Decided by a 4-1 vote, the withdrawal marks a significant departure from the Commission’s position that disgorgement or restitution be reserved for “exceptional cases” and signals the intention to pursue these remedies more aggressively. Indeed, the FTC announced in its statement on the withdrawal that “[a]lthough intended to clarify past Commission views on this topic, the practical effect of the Policy Statement was to create an overly restrictive view of the Commission’s options for equitable remedies.”

In lieu of the Statement, the Commission asserts it will “evaluate the unique circumstances of each case” through the lens of existing case law and notes that many of the issues contained in the Statement will “continue to inform [its] future consideration of the use of monetary equitable remedies.”

According to Commissioner Maureen K. Ohlhausen, who issued a dissenting statement on the decision, the withdrawal indicates that FTC “will be seeking disgorgement in circumstances in which the three-part test heretofore utilized under the Statement is not met.”  Commissioner Ohlhausen warns that broadening the use of monetary remedial remedies without the framework in the Statement risks decisions being made without the Commission “issuing any guidance whatsoever,” which “runs counter to the goal of transparency.”

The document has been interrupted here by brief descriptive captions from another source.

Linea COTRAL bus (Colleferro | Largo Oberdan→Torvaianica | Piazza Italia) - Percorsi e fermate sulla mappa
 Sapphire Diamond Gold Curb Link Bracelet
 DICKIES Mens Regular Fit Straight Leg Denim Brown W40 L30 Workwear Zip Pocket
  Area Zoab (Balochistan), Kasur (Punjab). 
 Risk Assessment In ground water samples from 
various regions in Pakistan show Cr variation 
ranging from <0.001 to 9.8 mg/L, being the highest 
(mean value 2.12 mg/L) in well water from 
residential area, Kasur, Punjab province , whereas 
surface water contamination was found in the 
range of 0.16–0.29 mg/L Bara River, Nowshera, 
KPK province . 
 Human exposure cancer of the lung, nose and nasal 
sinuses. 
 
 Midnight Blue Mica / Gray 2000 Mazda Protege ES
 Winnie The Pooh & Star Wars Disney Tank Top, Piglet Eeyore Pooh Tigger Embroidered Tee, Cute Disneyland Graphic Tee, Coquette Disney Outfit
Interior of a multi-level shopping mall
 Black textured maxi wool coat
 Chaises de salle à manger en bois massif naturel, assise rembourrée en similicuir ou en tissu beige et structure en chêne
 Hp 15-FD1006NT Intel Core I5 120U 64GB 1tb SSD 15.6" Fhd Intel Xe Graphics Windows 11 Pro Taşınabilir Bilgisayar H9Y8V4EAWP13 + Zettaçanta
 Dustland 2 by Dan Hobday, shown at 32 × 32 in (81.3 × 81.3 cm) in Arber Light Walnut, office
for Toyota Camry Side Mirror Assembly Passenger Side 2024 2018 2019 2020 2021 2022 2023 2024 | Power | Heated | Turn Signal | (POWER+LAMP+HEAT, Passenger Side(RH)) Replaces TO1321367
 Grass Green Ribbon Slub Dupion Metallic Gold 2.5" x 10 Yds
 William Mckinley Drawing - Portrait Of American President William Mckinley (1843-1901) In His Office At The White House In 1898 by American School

The Statement had set forth three factors for determining whether disgorgement (and to some degree, restitution) was appropriate:

  • Whether the underlying violation was clear
  • Whether there was a reasonable basis to calculate the remedial payment
  • Whether remedies in other civil or criminal litigation were likely to accomplish fully the purposes of the antitrust laws

There is speculation that FTC’s decision to step away from these factors officially was, at least in part, prompted by its desire to pursue monetary remedies in so-called “pay-for-delay” suits. These suits, which involve settlements between brand name and generic drug manufacturers, arguably failed to meet the Statement’s requirement that the violation be “clear” given the split among the circuit courts on the legality of these settlements.

The Third Circuit’s July 2012 decision in the K-Dur Antitrust Litigation, which departs from previous decisions finding these kinds of agreements lawful under the scope of the patent test, further highlights this division, thereby lending additional support for the view that FTC is looking for ways to broaden its enforcement reach and take a firm position on pay-for-delay suits.